The three-year study, armed with major funding from the John Templeton Foundation and headed by Tufts, will evaluate an innovative Boy Scouts of America program that incorporates full-time executives to assist Scout troops by training the leaders, recruiting and retaining youths, and fund raising. Typically, local troops are staffed by volunteers.
Researchers will include Dr. Byron Johnson, director of the ISR and also of Baylor's Program on Prosocial Behavior. The study will be done in four waves in a geographic area in Philadelphia that is served by the Cradle of Liberty Council Boy Scouts of America.
Noted Johnson: "The program could become a model for recruitment and retention of diverse youth -- especially boys from inner cities -- in Boy Scouts, especially if the study shows that involvement in the Scouts enhances the youths' character."
Children of divorce more likely to switch/avoid organized religion
Adults whose parents were divorced are more likely to switch religions or disassociate themselves from institutional religions altogether -- but growing up in a single-parent family does not have any effect on private religious life, including praying, according to a study by a Baylor sociologist.
The findings also suggest that being a child of divorced parents is not in itself as important a factor in one's religious life as previous research has indicated, according to Dr. Jeremy Uecker, an assistant professor of sociology at Baylor and lead author of the study. The quantitative analysis of data from 3,346 respondents ages 18 to 87, taken from the General Social Surveys done in 1991, 1998 and 2008, appears in the Journal for the Scientific Study of Religion.
"You have to take into account the context," Uecker said. "People who are less religious are more likely to get divorced. And if the parents are of different religions or differing levels of religiosity from one another, they also are more likely to divorce. So if we ignore that, we're overstating the effects of divorce itself on religious outcomes."
The main reason parental divorce affects religious outcomes, Uecker argues, is that children are separated from one of their parents, and parents are usually considered the primary source of religious training for children.
Other factors after the divorce also may influence children during their formative years and ultimately affect their religious outcome as adults, he said.
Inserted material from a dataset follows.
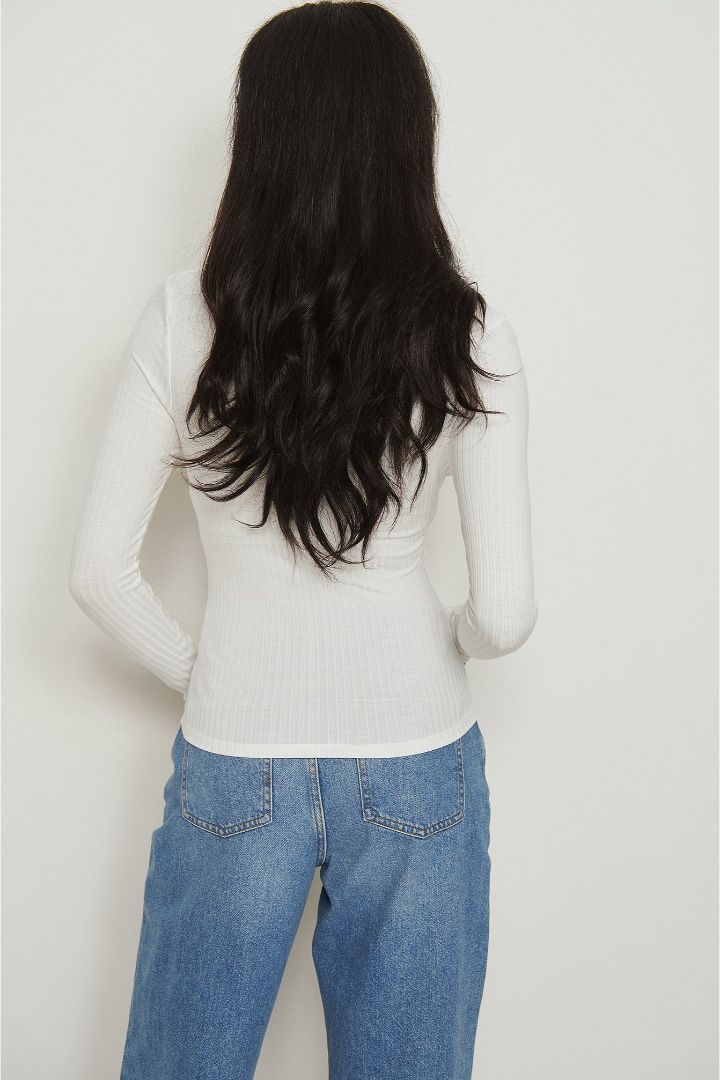 Picture of Front Ruched Ribbed Top-White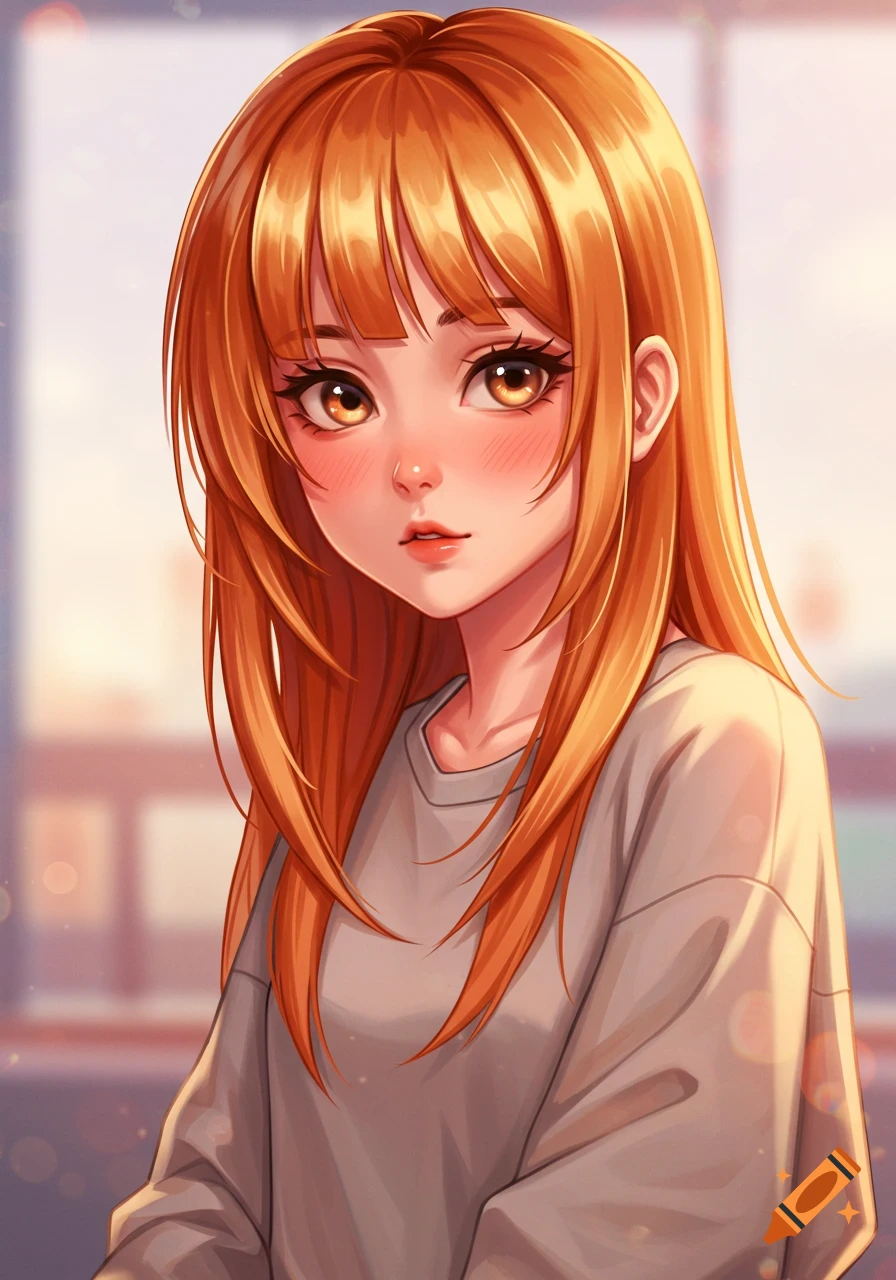 Close-up anime portrait of a girl with long orange hair and bangs, light brown eyes, and blushing cheeks, wearing a gray shirt.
A parent who has been divorced may feel stigmatized or uncomfortable in some congregations and less likely to attend than previously. Typically, a child of divorce stays with his or her mother, who may become depressed or angry with God, and that may affect the child. Even logistical difficulty in getting to church could be a factor, Uecker said.
Shared activities are 'game changers' for father-daughter relationships
The most frequent turning point in father-daughter relationships is shared activity -- especially sports -- ahead of such pivotal events as when a daughter marries or leaves home, according to a study by Baylor University researchers.
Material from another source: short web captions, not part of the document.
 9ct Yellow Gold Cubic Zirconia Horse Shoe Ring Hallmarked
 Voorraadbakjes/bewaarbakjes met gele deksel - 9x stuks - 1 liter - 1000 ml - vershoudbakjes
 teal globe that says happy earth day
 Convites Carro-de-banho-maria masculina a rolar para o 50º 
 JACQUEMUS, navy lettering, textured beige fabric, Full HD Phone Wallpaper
"This is the masculine style of building closeness -- called 'closeness in the doing' -- whereas the feminine orientation is talking, 'closeness in the dialogue,'" said Dr. Mark T. Morman, a professor of communication in Baylor's College of Arts and Sciences. An article about the findings by Morman and former Baylor graduate student Elizabeth Barrett, MA '06, is published in the Journal of Human Communication.
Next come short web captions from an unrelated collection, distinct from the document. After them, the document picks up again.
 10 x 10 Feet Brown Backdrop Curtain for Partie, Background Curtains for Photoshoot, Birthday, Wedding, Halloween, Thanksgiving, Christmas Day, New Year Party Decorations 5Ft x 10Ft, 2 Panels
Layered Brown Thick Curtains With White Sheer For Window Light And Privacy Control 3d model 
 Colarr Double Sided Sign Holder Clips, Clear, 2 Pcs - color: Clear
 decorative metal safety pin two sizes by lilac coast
When asked what key experiences changed closeness in their relationships, fathers and daughters who were study participants mentioned events typical of those that help cement masculine friendships. Morman noted that the study is qualitative -- based on written responses by participants rather than by a statistical analysis. But it reveals meaningful markers of when relationships changed, regardless of whether they became closer or more distant, he said.
The 43 fathers and 43 daughters in the study were not related to one another but were asked to pinpoint in writing a crucial moment of change in their own father-daughter relationships.
Most frequently mentioned of 14 relationship changes by daughters were engaging activities with their fathers, their marriages and physical distance from their fathers. Fathers most frequently mentioned joint activities, a daughter's marriage and the beginning of a daughter's dating.
From the daughters' perspective, sports, working together and vacationing together were the shared activities most frequently mentioned. Sports also was the most frequently mentioned activity by fathers, with some saying it gave them a bond their daughter did not have with her mother or siblings. Others said it opened the lines of communication to talk about other subjects. Additional activities fathers mentioned were church functions, household projects and teaching their daughters to drive.